• Dataset records:
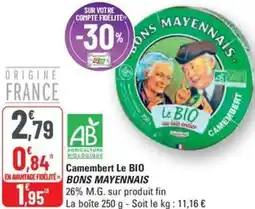 G20 Camembert Le BIO Bons Mayennais offre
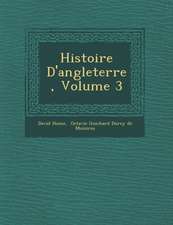 Histoire D'angleterre, Volume 3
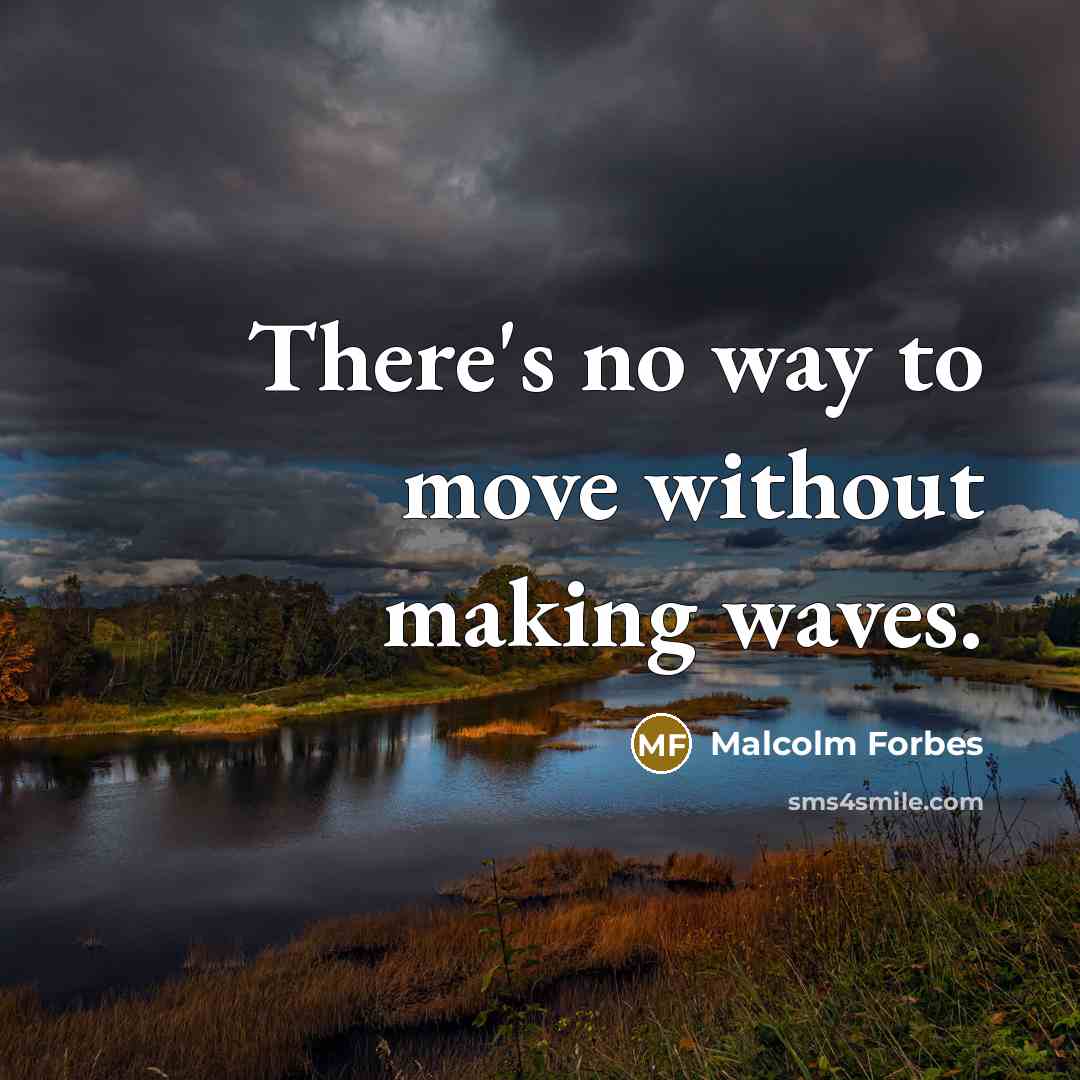 “There's no way to move without making waves.” quote by Malcolm Forbes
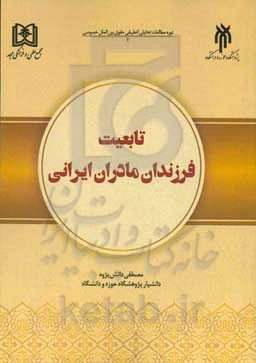 تابعیت فرزندان مادران ایرانی: مطالعه "تاریخی - تحلیلی - انتقادی - اصلاحی"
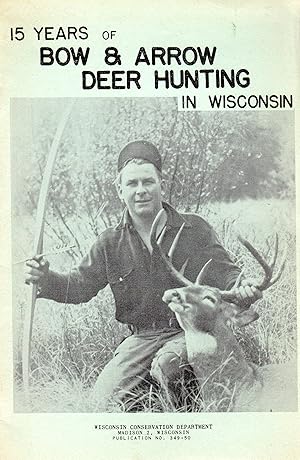 Fifteen Years of Bow and Arrow Deer Hunting in Wisconsin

• Exercise directions:
Only the lines from the one that holds "Histoire D'angleterre, Volume 3" through the end of the records above should be printed again, exactly as they are. Leave out the pictures.

• Finished exercise:
 Histoire D'angleterre, Volume 3
 “There's no way to move without making waves.” quote by Malcolm Forbes
 تابعیت فرزندان مادران ایرانی: مطالعه "تاریخی - تحلیلی - انتقادی - اصلاحی"
 Fifteen Years of Bow and Arrow Deer Hunting in Wisconsin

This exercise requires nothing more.